One simple reason is nostalgia – and not in the negative sense of longing for a lost past. But rather in the creative and cathartic way we return to the classic media texts that made us (individually and collectively) when we need to work through problems in the present.
There is a comfort in returning to the films which were so influential and ubiquitous during our most formative years.
In the relatively safe spaces of horror and science fiction, we can also work through, at a distance, cultural taboos and common anxieties.
Emotions and experiences which may be too confronting to be tackled elsewhere can be explored and understood in the realm of popular culture, at the level of myth, metaphor and symbolism.
It’s perhaps not surprising then that one of the best documentaries you will find on streaming television at the moment is Memory: The Origins of Alien (directed and written by Alexandre O. Philippe) and available on Stan and DocPlay.
The title ‘Memory’ refers to the original name of the Alien (1979) script, but on another level it also activates our own memories of growing up with the Alien franchise.
We learn how these mediated memories are intertextual – for us, and for the creators of the Alien film.
The documentary accordingly traces a treasure trove of earlier films, comic books and art works which inspired the late Alien script writer Dan O’Bannon.
There are other important meanings and memories lurking deep in the gendered and psychoanalytic worlds of the Alien films which help explain their enduring fascination for fans and academics alike.
In the early 1990s, the feminist film scholar Barabara Creed famously identified the Alien as a manifestation of the “monstruous-feminine”.
Creed (1993) attributed the “grotesque bodily invasions” featured in Alien (and other science fiction texts) to be related to a primal (and patriarchal) fear of female genitalia and the “all-devouring womb of the archaic mother.”
Creed was one of a number of feminist scholars of the time who found Freudian psychology useful for explaining the true powers of horror films to both frighten and fascinate us.
This feminist psychoanalytical approach to popular culture found Alien to be a rich resource for exploring the unconscious realm of repression and abjection.

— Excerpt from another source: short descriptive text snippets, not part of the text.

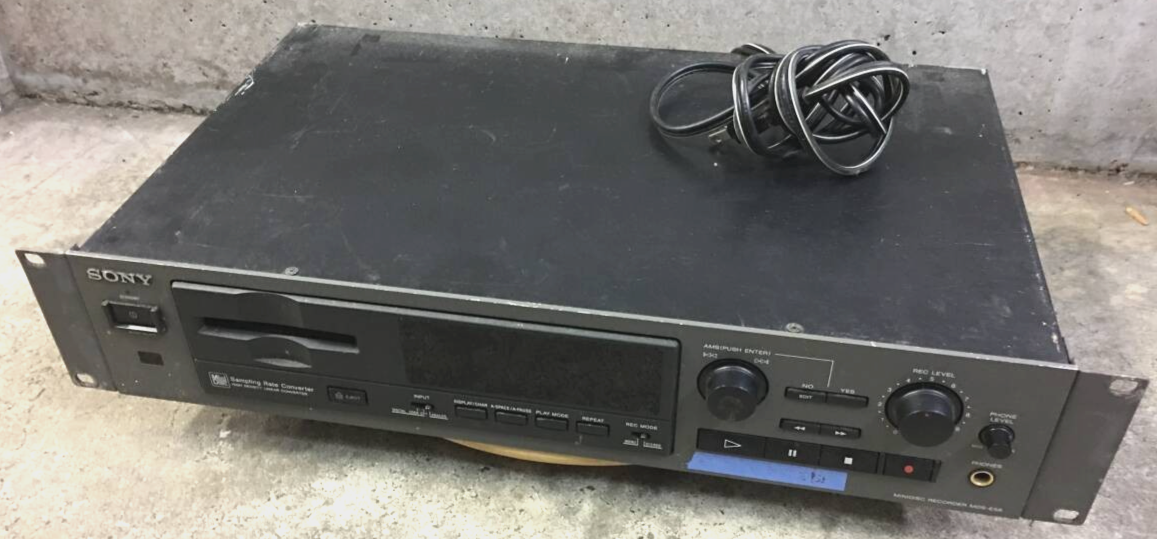 Sony Minidisc Recorder Mds-e58 With 10 Mini Discs Tested and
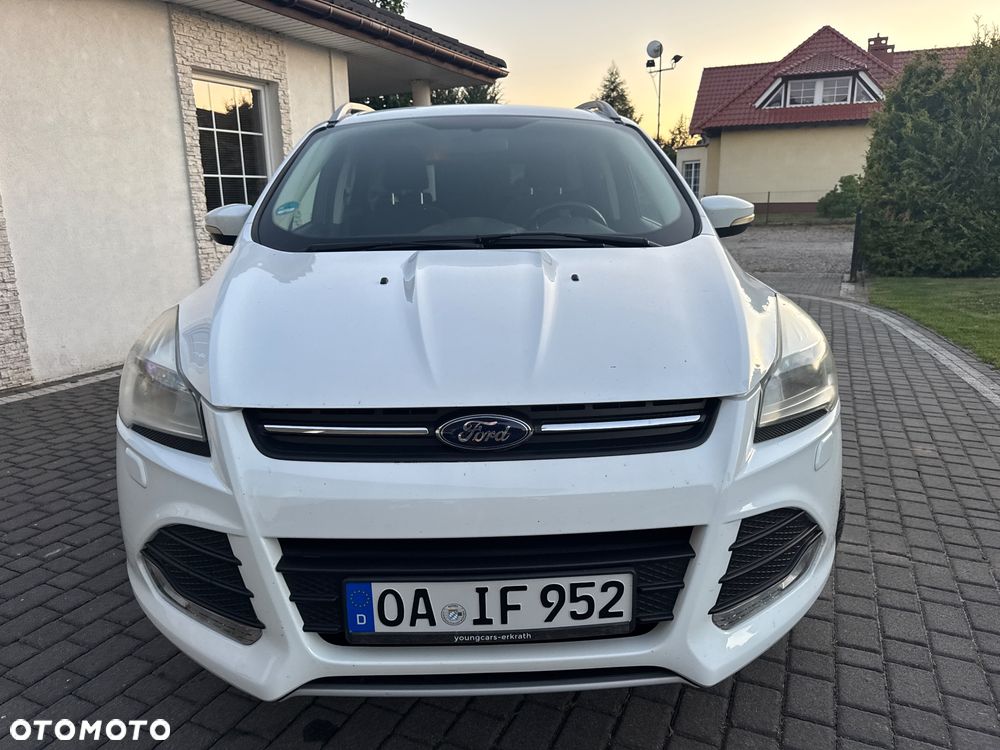 Ford Kuga 2.0 TDCi 2x4 Trend - 2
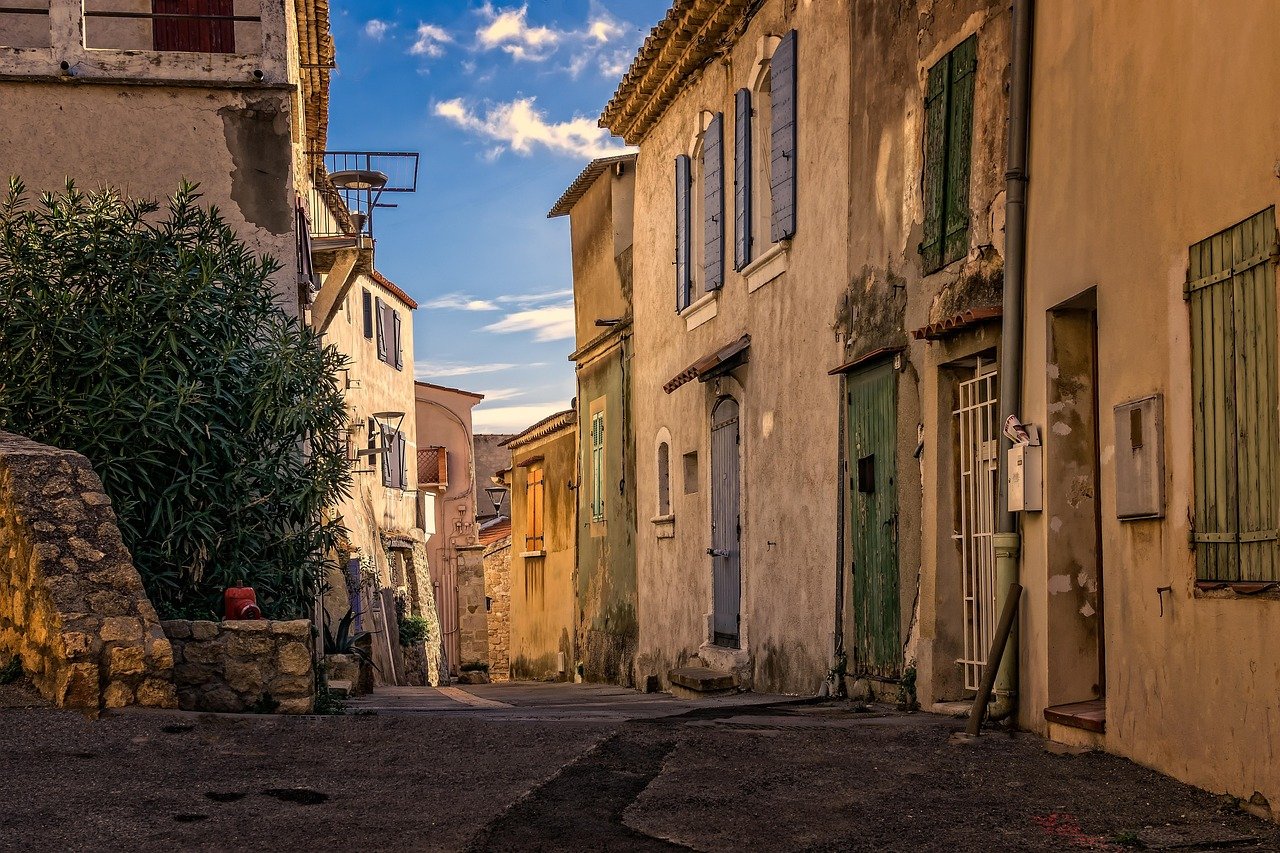 alley, historic center, historical, old, france, architecture, old building, old house, facade, empty, old houses, masonry, house facade, rustic, shutter, fos-sur-mer, france, france, france, france, france, old house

Watching a truly immersive science fiction horror like Alien enables us to work through repressed fears and collective nightmares.
Who can forget the iconic scene, now part of the franchise formula, wherein the monstruous Other forcibly enters the mouth of its human host to later burst through the chest.
More than mere screen memories, these images force us to face what is deeply disgusting and terrifying and thus confront the violability of our fragile human bodies.
It may also speak to the experience of being exposed and at war with our own bodies or perhaps feeling alien-nated in other ways.
Other feminists in the 1990s saw Ripley as part of a new wave of strong action women in popular culture.
It is easy to forget now that at the time a female lead character as physically and mentally resilient as Ripley seemed revolutionary.
Today, academics have complained that the Alien franchise is losing its feminist credentials and becoming less political and progressive with each instalment.
I would suggest such criticism of Alien: Romulus (2024) is unfair and misses the point and the politics of the film.
While leading action woman Rain Carradine is younger and more vulnerable than the iconic Ripley (famously played by Sigourney Weaver), her concerns are different as a representative member of Generation Z.
Indeed, more than any other Alien, Romulus provides an insightful indictment of class and age-based discrimination as Rain and her young colleagues are essentially held captive by the exploitative ‘Weyland-Yutani’ military-industrial nightmare.
This is one of the clear moral-political messages of Romulus, that the real parasitic monster is not necessarily the Xenomorph but the futuristic Weyland-Yutani Corporation which sucks the life out of its workers before discarding them (all while pretending to care about their wellbeing and safety).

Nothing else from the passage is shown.